The euro added 0.8 percent to $1.2155 as of 4 p.m. in New York. The S&P 500 was little changed at 1,337.91, reversing a 0.4 percent advance. Apple tumbled 4.3 percent after reporting iPhone sales that missed projections. S&P’s GSCI gauge of 24 commodities gained 0.6 percent. The pound weakened after the U.K. economy shrank the most in three years. Yields on five-, seven- and 30-year Treasuries touched all-time lows for a third straight day.
Demand for new U.S. homes fell in June from a two-year high, indicating the housing recovery will be uneven. There are arguments in favor of granting a banking license to the permanent bailout fund, said Ewald Nowotny, a European Central Bank council member who also heads Austria’s central bank. Granting a banking license to the ESM would give it access to ECB lending.
“We have a deepening recession in Europe, and a deceleration in North America, and that is leading investors to believe there’s going to be some sort of additional stimulus applied by the central banks,” said Peter Sorrentino, who helps oversee $14.7 billion at Huntington Asset Advisors in Cincinnati.
The pound slumped 0.8 percent to 78.42 pence per euro. The U.K. economy shrank more than economists forecast in the second quarter as record rainfall and an extra public holiday sent output down the most in more than three years.
Treasuries fell, snapping a three-day advance, as speculation that European policy makers will boost the firepower of their bailout fund damped demand before the U.S. sold $35 billion in five-year notes. The securities drew an auction record yield amid lower-than-average demand. The yield on the benchmark 10-year note rose one basis points to 1.40 percent.
Apple fell the most since October. The company sold 26 million iPhones in the fiscal third quarter, compared with the 28.4 million predicted by analysts surveyed by Bloomberg. That caused it to miss quarterly sales and profit estimates for the second time since 2003.
“Apple is priced for perfection,” Mark Eibel, the director of client-investment strategies in North America at Russell Investments Ltd., told Bloomberg Television. “Other companies may be able to have a quarter like this but when Apple does it, it will move markets around the world. It’s certainly not what this market is looking for.”
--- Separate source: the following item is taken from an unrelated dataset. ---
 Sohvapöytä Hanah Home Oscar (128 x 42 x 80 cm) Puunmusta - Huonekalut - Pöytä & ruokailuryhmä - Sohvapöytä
A gauge of homebuilders in S&P indexes slid 3.2 percent. Sales of new U.S. homes fell 8.4 percent to a 350,000 annual rate, the weakest since January, the Commerce Department reported today in Washington.
Boeing gained 2.8 percent. The company raised its forecast for full-year profit to $4.40 to $4.60 a share from his April prediction of $4.15 to $4.35 a share. Caterpillar (CAT) Inc. rallied 1.6 percent to $82.75. The largest maker of construction and mining equipment raised its full-year earnings forecast as increasing demand from North American builders and overseas miners bucks an economic slowdown.
Earnings have exceeded analyst estimates at about 71 percent of the 196 companies in the S&P 500 that reported so far this quarter, according to data compiled by Bloomberg. Sales rose an average 3.3 percent and profits are down 0.5 percent.
Oil in New York gained 0.6 percent to $88.99 a barrel. Crude dropped as much as 1.9 percent after an Energy Department report showed U.S. stockpiles unexpectedly climbed as production surged to the highest level in 13 years. Wheat jumped 2.8 percent after falling 3.7 percent yesterday, and corn climbed 1.3 percent, the first gain in three days.
The Stoxx 600 was little changed after a three-day, 4.3 percent decline. Lonza Group AG rallied 3.7 percent as the Swiss drug-ingredient maker reported earnings that exceeded estimates. BT Group Plc, the U.K.’s largest fixed-line phone company, sank 3.3 percent after first-quarter sales trailed behind analyst projections.
The MSCI Emerging Markets Index lost 0.2 percent, its fourth day of declines. The Shanghai Composite Index slid 0.5 percent to the lowest level since March 2009 as the International Monetary Fund said the country’s economy faces significant downside risks and investors speculated the government won’t loosen property curbs.
South Korea’s Kospi slid 1.4 percent, the most among emerging-market gauges today, to the lowest level since Oct. 10. Bank of Korea Governor Kim Choong Soo said the nation risks failing to meet a growth estimate for 2012 that the central bank already cut two weeks ago because of Europe’s debt crisis.